May 3, 2022

The ethnic thing that gets ignored

Sam Smith – Strangely distorting our dealing with multiculturalism is our obsession with racism and ethnic conflict while ignoring ways people – especially the young –can learn the benefits of living in a mixed ethnic society. Ev­­en many of the most virtuous among us treat it all as a perpetually challenging problem rather than also a cultural asset that can make life more valuable, enjoyable and workable.

Key to us learning, enjoying and becoming more decent thanks to our multicultural lives is education, but even schools and colleges  treat ethnic differences as a major problem rather than something that can also make our lives better.

When I reflect on how different my own life has been in this regard, I find myself drifting back to my high school where I started its first jazz band inspired by people like Louis Armstrong, Ella Fitzgerald and Fats Waller. I played the drums in those days, taking lessons from a black drummer. I took what was then one of two high school anthropology courses in the country, enjoying it in part because, as a ninth grader, you’re not crazy about your own culture and glad to learn about other ways of doing things. And it was a Quaker school , a faith that taught one “to see that of God in everyone.”

I thus had, at a quite young age, been introduced to multiculturalism not as a massive  problem but as one of the fascinating and favorable aspects of life that a free thinking teen age dude didn’t mind a bit.

And my powerful learning in those days wasn’t just about ethnicity. I worked for a number of summers on a farm in Maine, guided by older men who I still regard as some my great mentors. One year I worked a summer as a radio newsman in DC when I was 19 and had sailing guidance that helped prepare me for a tour as operations officer of a Coast Guard cutter.

In short, I am who I am in no small part thanks to the aid of older folks who showed me how to do things when I was young.
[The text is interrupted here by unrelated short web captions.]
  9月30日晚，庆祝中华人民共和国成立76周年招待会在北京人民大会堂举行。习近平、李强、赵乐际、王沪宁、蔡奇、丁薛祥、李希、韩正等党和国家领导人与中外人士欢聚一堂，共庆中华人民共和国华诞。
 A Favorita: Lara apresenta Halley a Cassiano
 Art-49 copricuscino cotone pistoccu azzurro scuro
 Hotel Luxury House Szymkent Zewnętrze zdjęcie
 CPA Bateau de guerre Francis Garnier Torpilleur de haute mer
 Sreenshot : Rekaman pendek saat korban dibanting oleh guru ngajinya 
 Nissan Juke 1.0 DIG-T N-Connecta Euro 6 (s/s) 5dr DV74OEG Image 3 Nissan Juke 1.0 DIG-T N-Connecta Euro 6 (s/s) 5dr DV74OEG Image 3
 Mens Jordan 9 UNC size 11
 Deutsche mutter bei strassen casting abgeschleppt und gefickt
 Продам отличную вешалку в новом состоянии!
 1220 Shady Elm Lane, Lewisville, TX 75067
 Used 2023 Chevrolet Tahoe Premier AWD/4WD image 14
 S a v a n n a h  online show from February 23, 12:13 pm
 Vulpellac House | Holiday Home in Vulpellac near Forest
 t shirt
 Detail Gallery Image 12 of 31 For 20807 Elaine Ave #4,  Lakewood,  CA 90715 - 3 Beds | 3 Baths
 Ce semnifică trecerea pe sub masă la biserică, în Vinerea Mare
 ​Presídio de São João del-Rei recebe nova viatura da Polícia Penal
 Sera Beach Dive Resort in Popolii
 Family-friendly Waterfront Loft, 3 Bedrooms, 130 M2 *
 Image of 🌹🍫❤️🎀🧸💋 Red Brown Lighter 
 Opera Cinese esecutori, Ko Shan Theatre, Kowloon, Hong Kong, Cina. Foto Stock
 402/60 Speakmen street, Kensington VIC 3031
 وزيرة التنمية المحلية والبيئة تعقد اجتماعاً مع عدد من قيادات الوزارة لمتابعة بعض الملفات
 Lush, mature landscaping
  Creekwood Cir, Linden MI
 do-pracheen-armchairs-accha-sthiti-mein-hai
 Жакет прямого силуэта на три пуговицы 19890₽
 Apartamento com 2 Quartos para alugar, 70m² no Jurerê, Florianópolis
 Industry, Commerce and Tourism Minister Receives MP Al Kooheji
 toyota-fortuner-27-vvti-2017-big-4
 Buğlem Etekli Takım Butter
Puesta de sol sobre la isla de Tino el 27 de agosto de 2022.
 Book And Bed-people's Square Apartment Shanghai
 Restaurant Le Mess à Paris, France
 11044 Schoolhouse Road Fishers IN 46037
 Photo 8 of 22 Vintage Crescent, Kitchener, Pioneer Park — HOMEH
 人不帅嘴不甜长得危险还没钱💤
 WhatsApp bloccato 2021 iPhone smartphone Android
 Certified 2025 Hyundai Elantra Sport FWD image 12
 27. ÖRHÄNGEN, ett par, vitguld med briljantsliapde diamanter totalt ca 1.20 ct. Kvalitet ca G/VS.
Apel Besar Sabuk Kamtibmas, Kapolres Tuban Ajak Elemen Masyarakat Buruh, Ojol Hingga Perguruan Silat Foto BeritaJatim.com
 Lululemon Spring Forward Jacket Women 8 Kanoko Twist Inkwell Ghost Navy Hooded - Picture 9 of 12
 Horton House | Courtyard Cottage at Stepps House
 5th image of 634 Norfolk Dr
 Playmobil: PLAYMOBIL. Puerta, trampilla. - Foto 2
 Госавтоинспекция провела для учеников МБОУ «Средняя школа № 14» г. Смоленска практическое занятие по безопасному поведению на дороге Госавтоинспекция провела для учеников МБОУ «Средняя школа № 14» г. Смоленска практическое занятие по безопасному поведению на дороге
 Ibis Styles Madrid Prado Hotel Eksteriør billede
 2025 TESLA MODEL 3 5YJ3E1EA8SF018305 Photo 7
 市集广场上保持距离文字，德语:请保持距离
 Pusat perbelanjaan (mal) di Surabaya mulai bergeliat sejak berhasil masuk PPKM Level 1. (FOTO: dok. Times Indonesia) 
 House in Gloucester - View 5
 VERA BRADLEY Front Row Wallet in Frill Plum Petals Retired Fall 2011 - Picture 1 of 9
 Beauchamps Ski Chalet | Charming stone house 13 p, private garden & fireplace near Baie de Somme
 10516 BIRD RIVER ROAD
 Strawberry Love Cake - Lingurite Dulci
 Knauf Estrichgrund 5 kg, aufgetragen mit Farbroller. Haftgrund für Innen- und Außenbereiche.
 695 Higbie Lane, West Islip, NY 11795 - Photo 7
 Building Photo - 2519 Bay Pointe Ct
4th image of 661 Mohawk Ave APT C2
They didn’t scare me, warn me, or treat life as a huge problem but rather showed me how to do it right and enjoy it at the same time.

In living with ethnic variety, we can’t ignore the awful stories of the past and the day. But if we are going to have a dramatically different society, we have to create one in which we learn much different stories.

And there is much more than history working against us. For example, over the past few decades there has been increased emphasis on individual high school achievement. Students are no longer typically defined as members of a community in which they must cooperate with others and learn common values. Instead, they have increasingly become part of the capitalist drive for individual success. An unspoken aspect of this is that other people become creatures to surpass, criticize and defeat rather than to work with together.

Urbanization is another factor. Less than 15% for Americans (as opposed to 70% at the beginning of the 20th century) live in rural areas these days. As I learned from farmers as a teenager, part of successful rural living was was working with, helping and relying upon others, something far less emphasized in urban America. You didn’t abuse others because some day you might need to borrow their tractor.

If we want to change the way Americans live with each other, the best place to start is with the education of the young. What if we had curricula about  the multicultural nature of our society in elementary and junior high school? What if we had more projects that required cooperation and decency towards others? What if we had school assemblies where students got to describe their own culture, like the one in my sons’ elementary school where five kids told their classmates about their religion? What if we dared to teach our children the fact that race is cultural and lacks the scientific status so widely assumed.

The great unspoken misjudgment with our approach to ethnicity is that we overwhelming concentrate on its problems rather than its assets. We say we oppose racism but fail to celebrate multiculturalism. This reduces the  sense of decency, fun, and joy available from others who aren’t quite like you.

1 comment:

Greg Gerritt said...

Maybe it is my anthropology background, but I agree with Sam. Celebrate all kinds of diversity. But given the state of the republican party and its adherence to white christian violent nationalism getting from here to there is going to be a tough row to hoe.